--- RAW DATA Enclosed Below ---
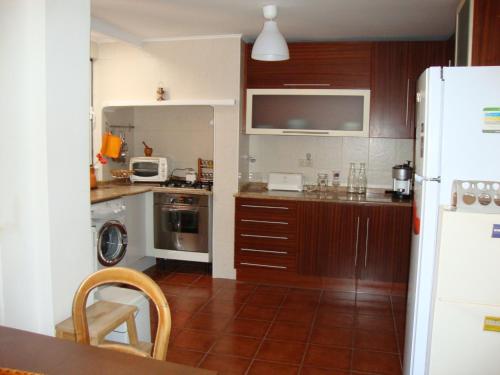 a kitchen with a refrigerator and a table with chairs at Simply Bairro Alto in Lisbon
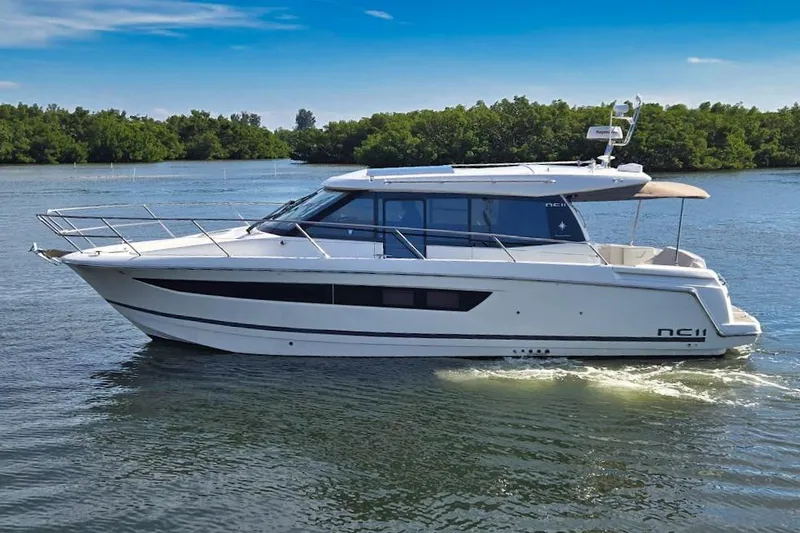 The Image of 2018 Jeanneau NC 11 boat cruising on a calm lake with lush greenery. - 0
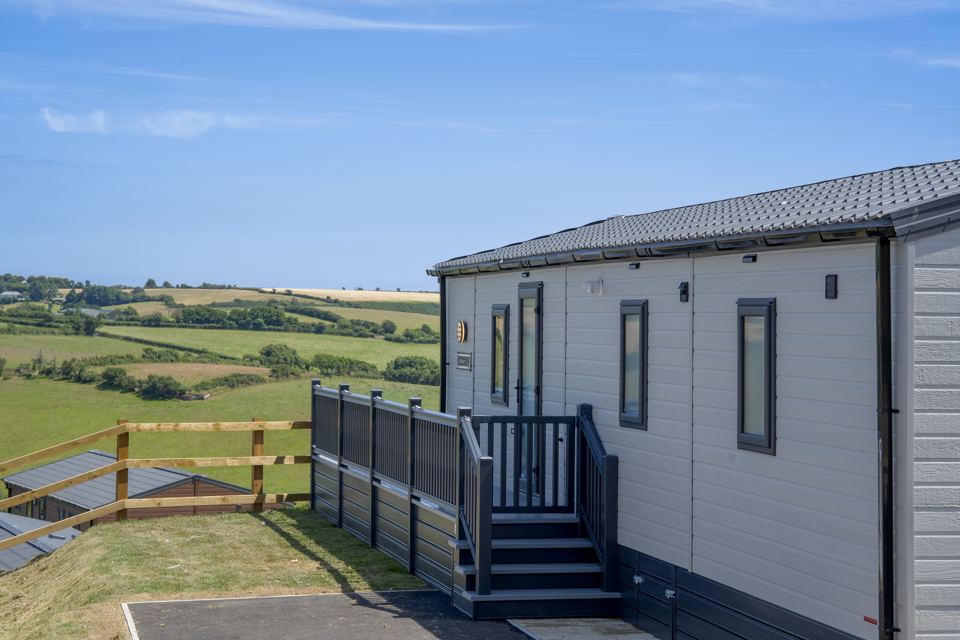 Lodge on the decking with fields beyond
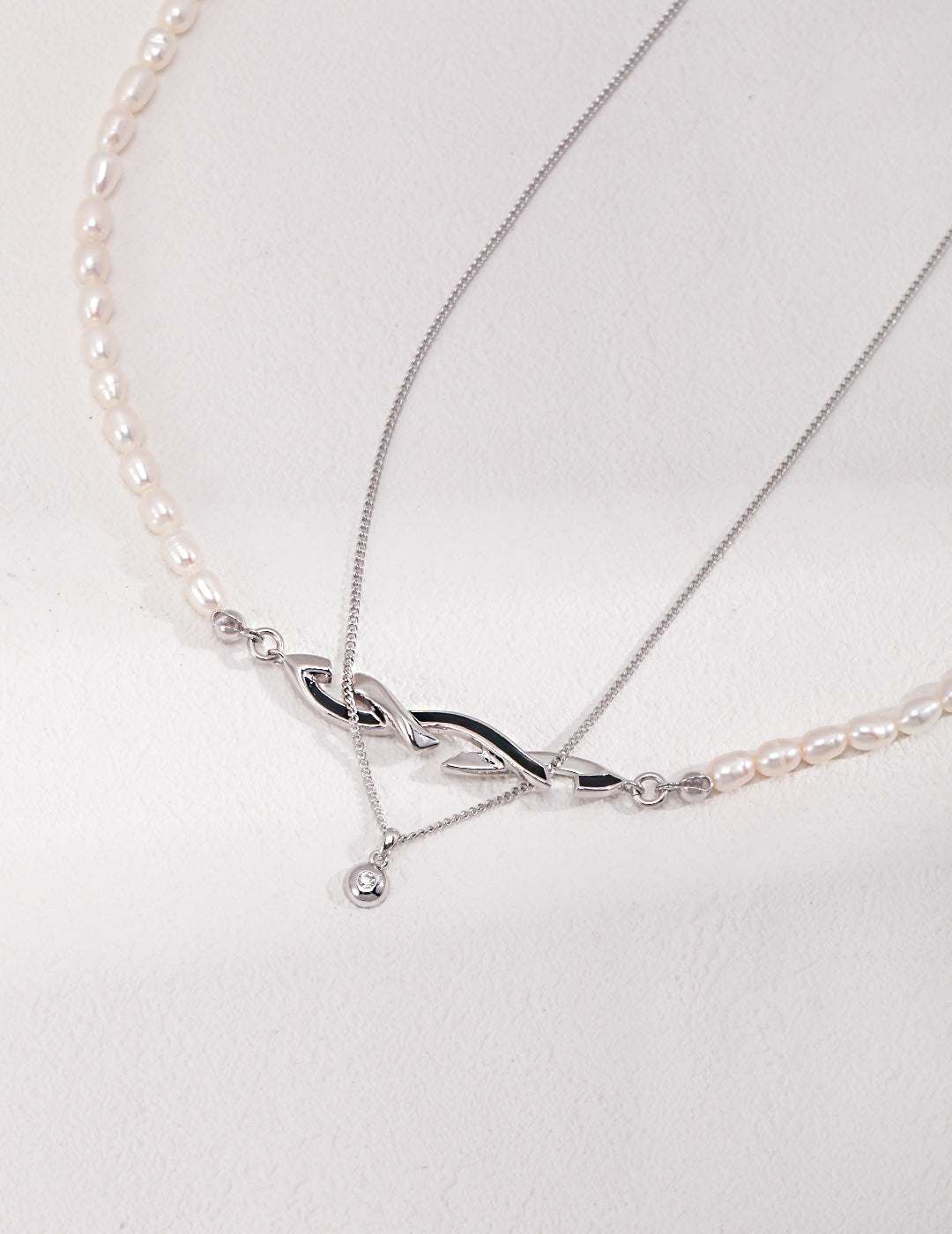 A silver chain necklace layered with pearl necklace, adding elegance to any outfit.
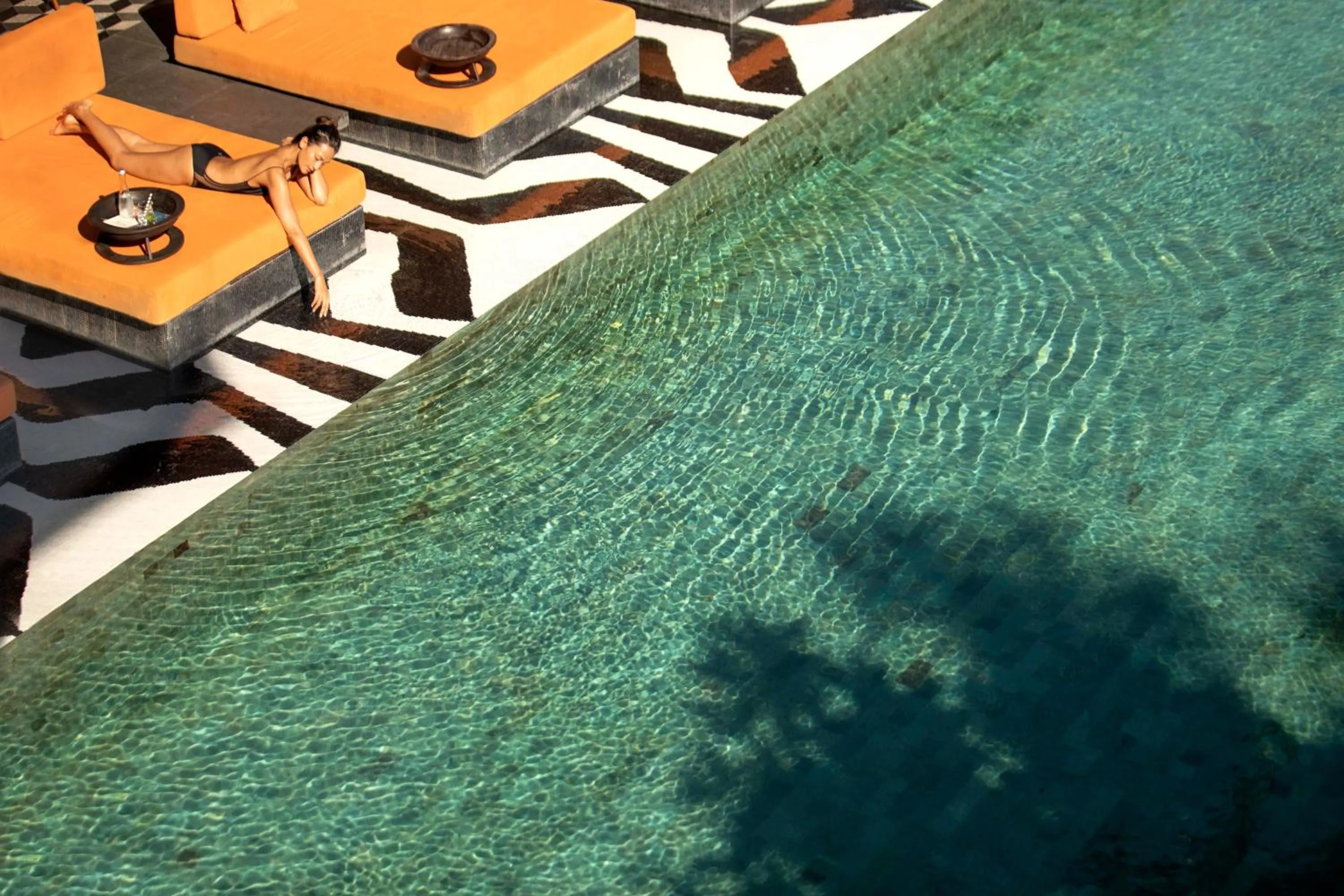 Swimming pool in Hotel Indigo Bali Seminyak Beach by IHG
--- End of Enclosed RAW DATA ---
--- RAW DATA Enclosed Below ---
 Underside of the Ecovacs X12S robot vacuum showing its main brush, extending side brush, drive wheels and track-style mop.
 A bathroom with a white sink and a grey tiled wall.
--- End of Enclosed RAW DATA ---
--- RAW DATA Enclosed Below ---
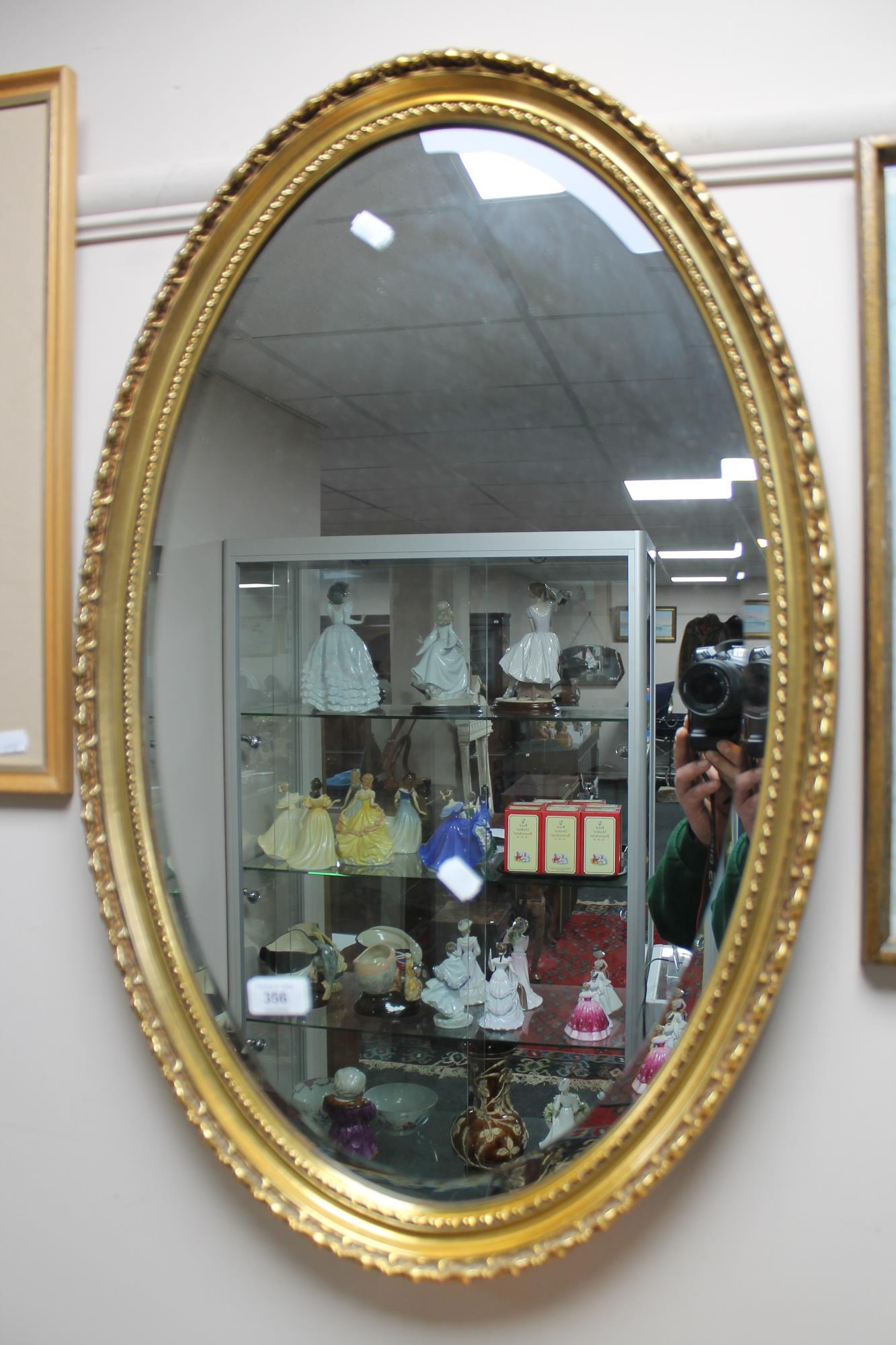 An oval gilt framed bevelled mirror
--- End of Enclosed RAW DATA ---
# [WHAT YOU WILL DO]
Starting at the line containing "Lodge on the decking with fields beyond" and stopping at the line containing "Swimming pool in", output each line exactly as it appears above. Leave out the pictures.

# [RESPONSE]
 Lodge on the decking with fields beyond
 A silver chain necklace layered with pearl necklace, adding elegance to any outfit.
 Swimming pool in Hotel Indigo Bali Seminyak Beach by IHG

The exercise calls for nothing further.